* **STORED DATA**
===
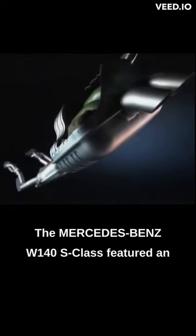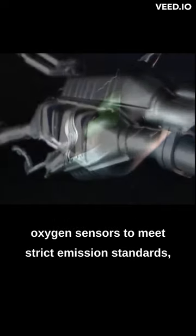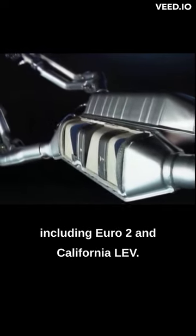The Mercedes-Benz W140 S-Class featured an exhaust system with multiple catalytic converters and oxygen sensors to meet strict emission standards, including Euro 2 and California LEV.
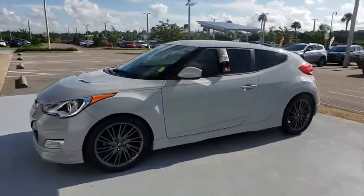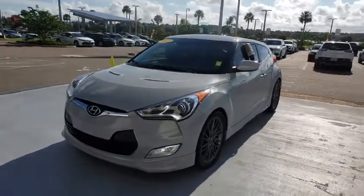This vehicle has less than 85,000 miles. Here are some of this vehicle's great options.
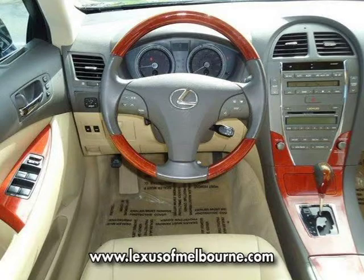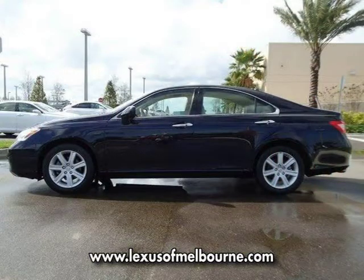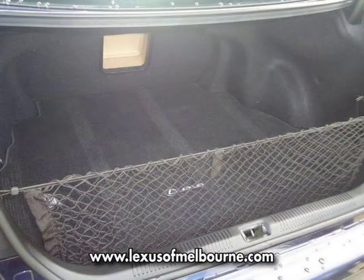This vehicle features child safety seat restrained anchors, driver and front passenger frontal airbags, driver and front passenger knee airbags, emergency interior trunk release, front and rear side curtain airbags, and many other features.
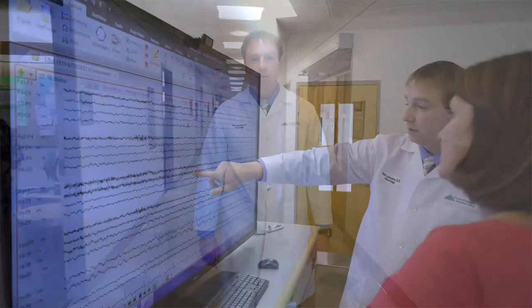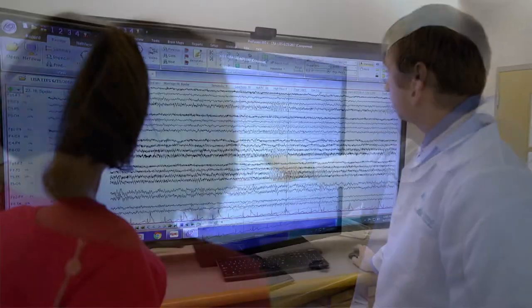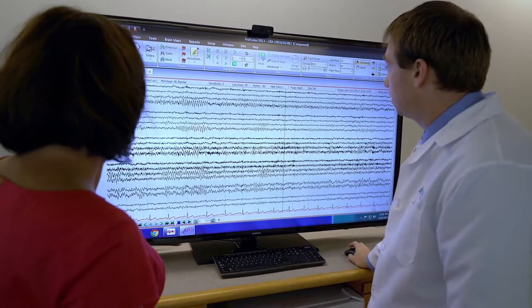Using all of that, we're able to try and help the 30% of people who don't respond to medications become seizure free. It allows us to pick the appropriate medications and the appropriate treatment options for each patient.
===
Could you retype every line above exactly as it appears, skipping the pictures?

* **REPLY TO THE TASK**
The Mercedes-Benz W140 S-Class featured an exhaust system with multiple catalytic converters and oxygen sensors to meet strict emission standards, including Euro 2 and California LEV.
This vehicle has less than 85,000 miles. Here are some of this vehicle's great options.
This vehicle features child safety seat restrained anchors, driver and front passenger frontal airbags, driver and front passenger knee airbags, emergency interior trunk release, front and rear side curtain airbags, and many other features.
Using all of that, we're able to try and help the 30% of people who don't respond to medications become seizure free. It allows us to pick the appropriate medications and the appropriate treatment options for each patient.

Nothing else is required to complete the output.